Print all the data below exactly, without images.

Input data>
↓

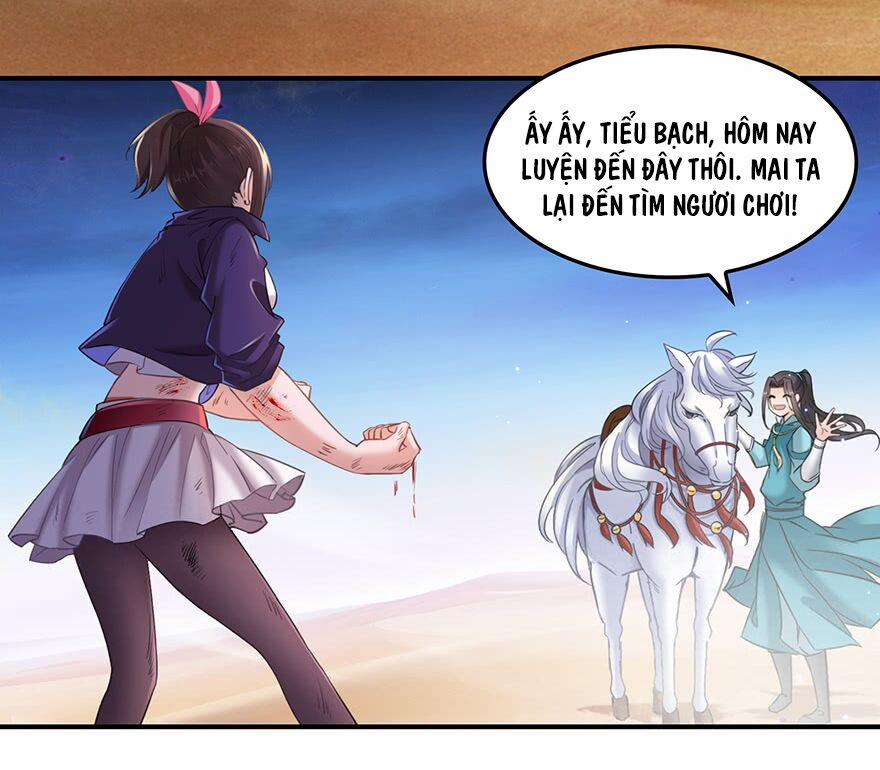 Tu Chân Nói Chuyện Phiếm Quần 101 trang 38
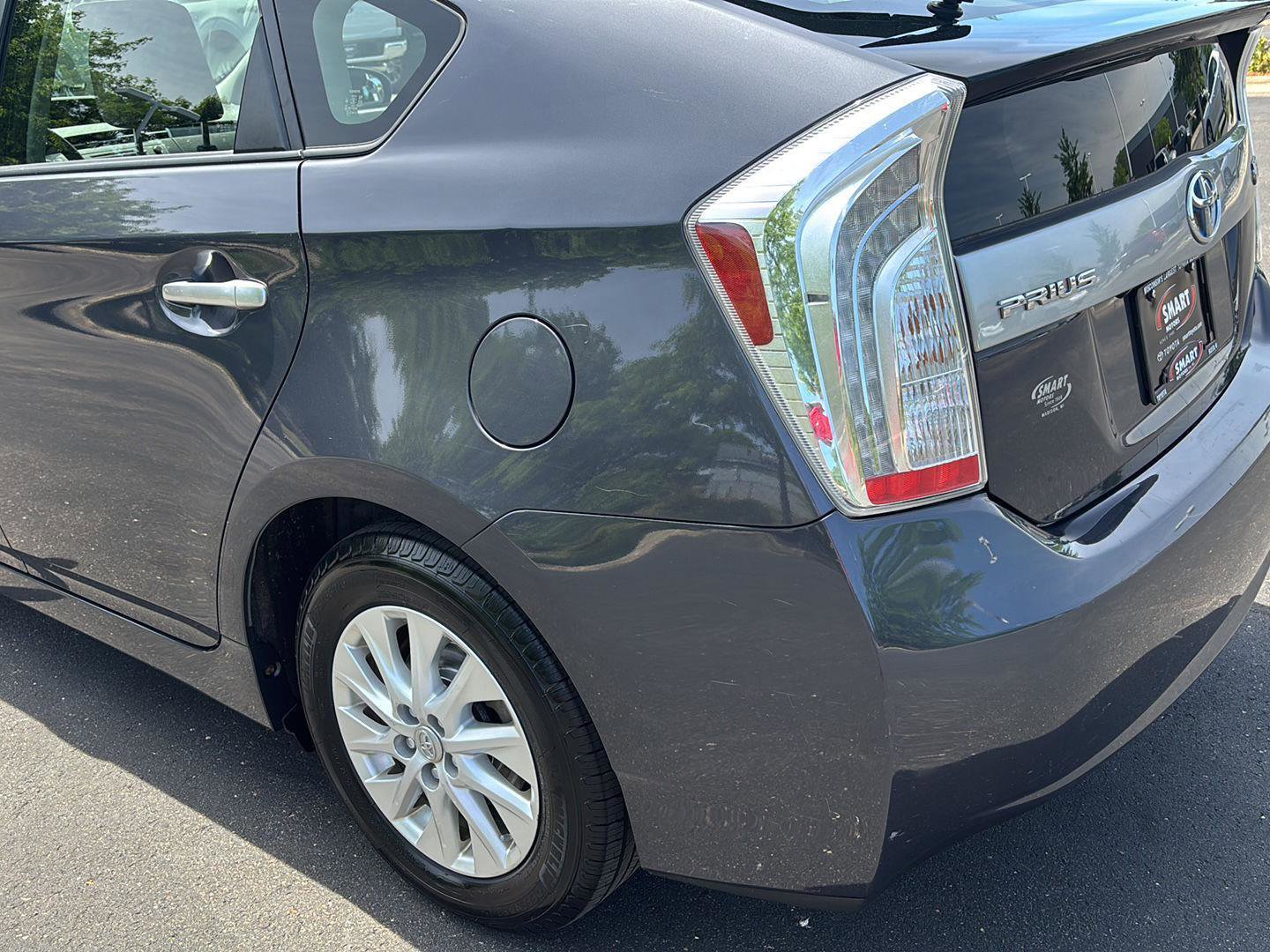 Used 2014 Toyota Prius Prime Plug-In Hybrid FWD image 24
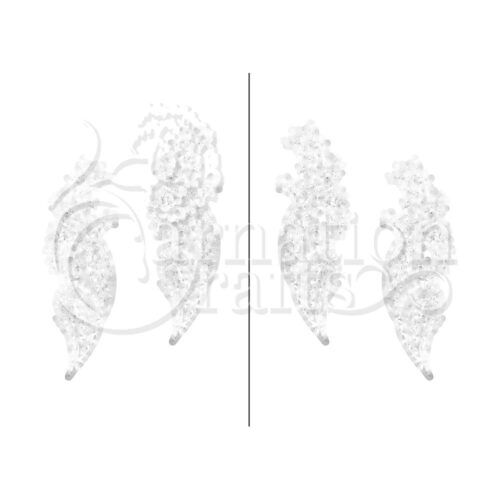 Carnation Crafts Crystallised Wisp Vignette Downloads - Vignette 5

↑

Response>
 Tu Chân Nói Chuyện Phiếm Quần 101 trang 38
 Used 2014 Toyota Prius Prime Plug-In Hybrid FWD image 24
 Carnation Crafts Crystallised Wisp Vignette Downloads - Vignette 5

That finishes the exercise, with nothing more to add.